Why Haier
Is Reorganizing Itself around the Internet of Things
The world’s largest and fastest-growing home
appliance company has always moved ahead of technological change. Now, as it
enters a world of sensors and artificial intelligence, it is shifting the way
it does business yet again.
I have been aware of the pressure that the
Internet has placed on the business models of large companies since at least
2000. That year, I attended the World Economic Forum’s annual meeting in Davos.
One major topic of discussion was the new economy that the Internet was
creating. Like many others at that time, I sensed that industrial society was
approaching a great turning point — moving toward an Internet-based economy.
Only by changing their way of thinking could business leaders catch up.
Today, the world has, of course, passed that
turning point. No longer do successful companies compete through their brands.

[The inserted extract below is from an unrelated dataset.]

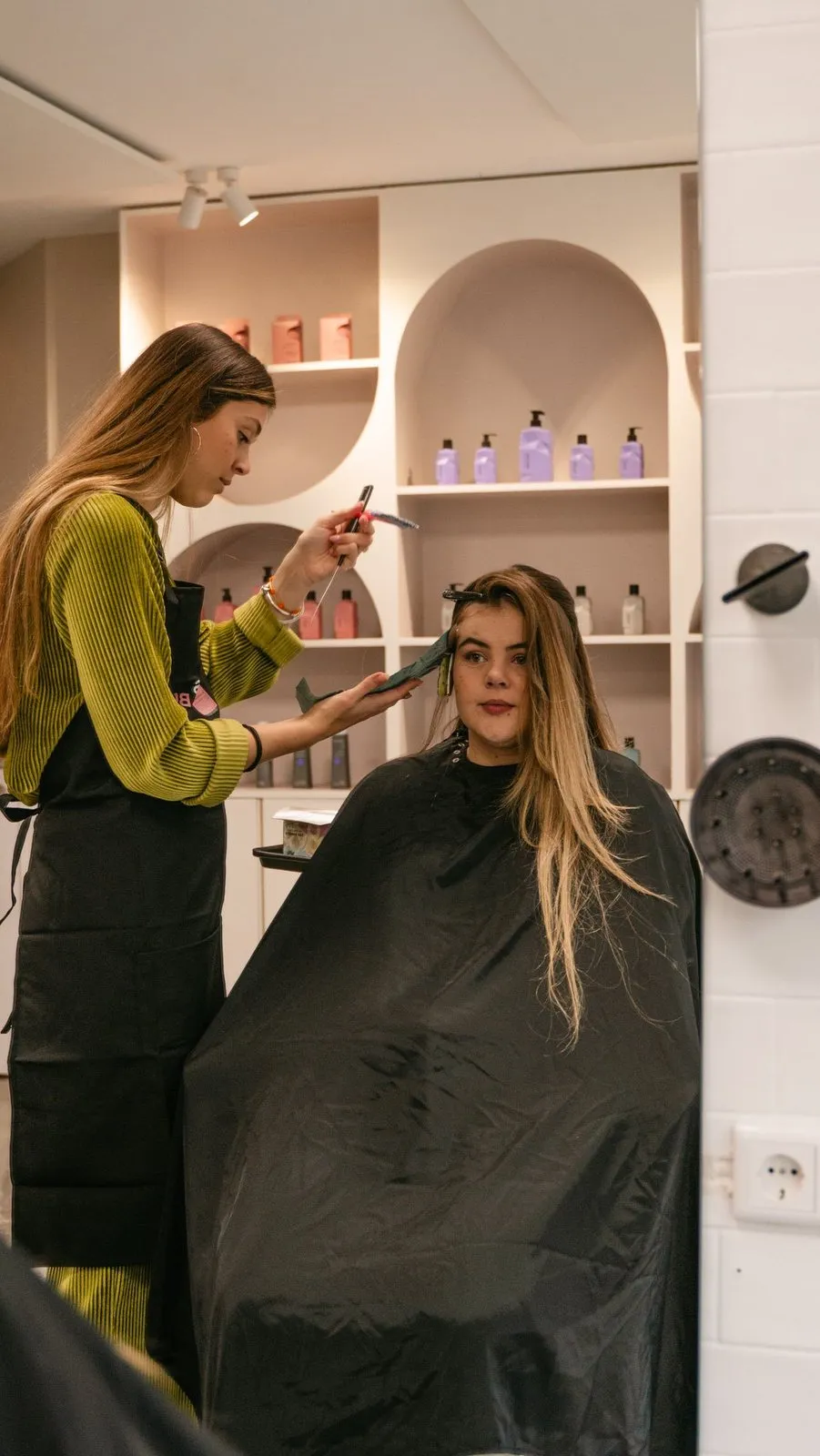Kapster aan het werk met lang haar in de salon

Instead, they compete through platforms — or, put another way, through linkages
among independent enterprises, aligned via their interoperable technologies and
their creative efforts.
Another economy is about to emerge now, with
similarly broad effects. It revolves around the Internet of Things (IoT), made
up of networks of human and technological activity embedded with sensors,
robotics, and artificial intelligence. When the IoT is fully in place,
successful enterprises will compete through ecosystems.
Rendanheyi: An
Internet Strategy
At
Haier, for more than a decade, we have been deliberately changing our company
so we can stay ahead of these global transformations. In 2005, with the
Internet economy in mind, we began making innovations in our business model
that would help us adapt. We called our new model rendanheyi. Renrefers
to the employees, dan means user value, and heyi indicates
unity and an awareness of the whole system. The term rendanheyi suggests
that employees can realize their own value during the process of creating value
for users. This new model was intended to foster co-creation and win-win
solutions for employees and customers.
Rendanheyi has three main attributes:
1. The enterprise is transformed from a
closed system to an open system, a network of self-governing microenterprises
with free-flowing communication among them and mutually creative connections
with outside contributors.
2. Employees are transformed from executors
of top-down directions to self-motivated contributors, in many cases choosing
or electing the leaders and members of their teams.

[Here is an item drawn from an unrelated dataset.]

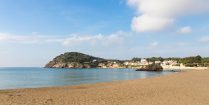 The Golden Beach And Blue Water Of Spain's Famous Costa Brava In Europe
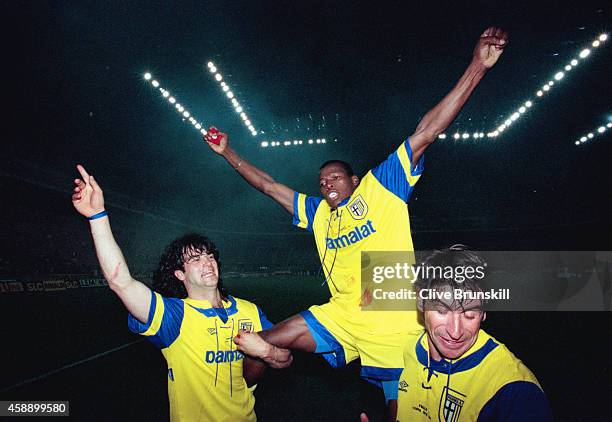 Parma striker Faustino Asprilla is held aloft by team mates Fernando Coulo and Massimo Crippa after the second leg of the 1995 UEFA Cup Final between...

3. Purchasers of our offerings are
transformed from customers to lifetime users of products and services designed
to solve their problems and increase their satisfaction.
In
effect, implementing the rendanheyimodel meant tearing apart the
walls of our enterprise and changing our structure into a collection of
entrepreneurial ventures. The Haier platform now connects more than 2,000
microenterprises in various locations around the world. The leaders of each
microenterprise have the type of power — power to make decisions, hire staff,
and control distribution — that would ordinarily accrue to the CEO of a
company, not to a division leader. They can also manage the capital, recruiting
external venture capital and conducting follow-up investment. They are, in
effect, partners in their area of the enterprise. Only by this means can new
opportunities be secured quickly; only when microenterprises are booming can a
company the size of Haier maintain the passion and vitality of a pioneer.
The
microenterprises are part of global Haier organizations, which maintain common
functions for research and development, production, and sales. Each Haier
branch is thus grounded in local markets. Rather than trying to compete with
homogeneous products, we design our businesses to respect the differences between
customers in different markets. We try to assimilate into each local culture,
while maintaining a global approach that fosters human dignity and aspiration
(or as we call it, “the realization of self-value fulfillment”). The overall
result is our “salad culture”: It is full of different vegetables, each one
like a different national or regional culture, but the rendanheyi model,
like salad dressing, binds them all together.
We
have deployed this business model not just in our home country, China, but
everywhere else we do business. For example, in 2016, Haier acquired GE
Appliances (GEA). In the beginning, the rendanheyi model was
not understood in GEA, and it was difficult to change the long-standing
bureaucracy and linear management mind-set. But we persevered. GEA first tried
out the rendanheyi model in the water heater department, and
found that this model didn’t dampen the interest of employees, as some had
feared. Instead, it stimulated employees’ enthusiasm and creativity. Every
employee could face the market and respond to user needs more quickly. GEA has
since been split into seven microenterprises representing its seven appliance
groups: stove equipment, refrigerators, laundry machines, dishwashers, water
heaters, packaged terminal air conditioners, and FirstBuild and Giddy (two GEA
platforms for crowdsourced innovation). In 2017, GEA began to select its
microenterprise leaders through open elections, forming a management committee
of three executives elected by their colleagues.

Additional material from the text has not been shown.